Je remet cet appel au cas ou????                                            
                                                                                                                                                                                                              Bonjour. Je suis à la recherche d'un Adaptateur Mac DB15 mâle vers VGA (HD15) femelle afin de pouvoir connecter un Quadra 700 à un moniteur .
Si quelqu'un en aurai un à vendre???
Merci.


----------



## magicPDF (21 Mars 2022)

Je vend celui-ci à tout petit prix (ça paye l'emballage et le déplacement) :


			https://www.leboncoin.fr/informatique/2109097631.htm


----------



## Pascal 77 (21 Mars 2022)

magicPDF a dit:


> Je vend celui-ci à tout petit prix (ça paye l'emballage et le déplacement) :
> 
> 
> https://www.leboncoin.fr/informatique/2109097631.htm


Tu confondrais pas un peu, là, l'objet que tu vends, c'est un adaptateur DVI vers VGA, pas un DB15 vers HD15 !


----------



## Maxas (21 Mars 2022)

Hello; Merci pour ta proposition mais ce n'est pas le bon pour moi...Comme le dit Pascal ...


----------



## Invité (21 Mars 2022)

Mais dans le lien que je t'ai signalé il y a 10 jours le gars donne un mâle/mâle DB15-->VGA t'as juste à trouver un VGA mâle/femelle…


----------



## eteen (25 Mars 2022)

Sinon, il y a ça sur eBay








						VGA HD15 Male to DB15 Female PC to MAC Monitor Adapter w/ dip switches - AD-A04  | eBay
					

Find many great new & used options and get the best deals for VGA HD15 Male to DB15 Female PC to MAC Monitor Adapter w/ dip switches - AD-A04 at the best online prices at eBay!

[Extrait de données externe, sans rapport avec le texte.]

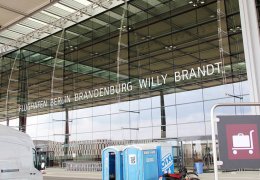 Dalga konusu olan Berlin havaalanı açıldı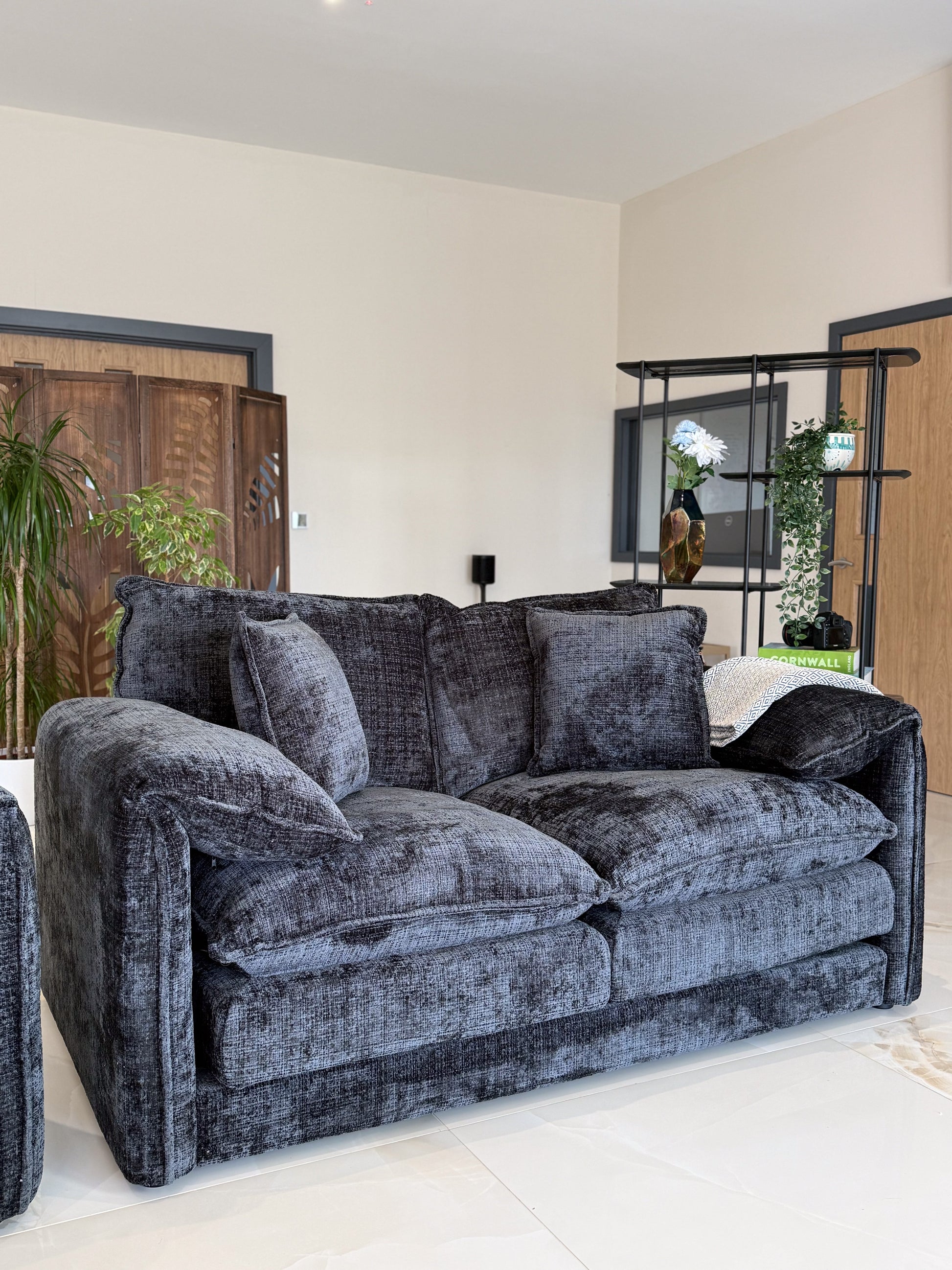 Solaya Sofa Black 2 Seater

Free shipping for many products!



					www.ebay.ca


----------



## Maxas (26 Mars 2022)

Merci pour l'info mais dommage c'est l'inverse qu'il me faut et les bons que j'ai vu sur Ebay sont en rupture de stock...


----------



## eteen (28 Mars 2022)

Ici pour l'inverse.








						HD15 VGA Monitor Female to DB15 MAC Male Converter Adapter, CablesOnline AD-A03  | eBay
					

Find many great new & used options and get the best deals for HD15 VGA Monitor Female to DB15 MAC Male Converter Adapter, CablesOnline AD-A03 at the best online prices at eBay! Free shipping for many products!



					www.ebay.ca


----------



## Maxas (28 Mars 2022)

Hello Eteen. Merci pour l'info, c'est commandé ...Un peu cher avec le transport mais bon pas trouvé mieux...


----------



## magicPDF (30 Mars 2022)

Maxas a dit:


> Hello; Merci pour ta proposition mais ce n'est pas le bon pour moi...Comme le dit Pascal ...


Désolé.


----------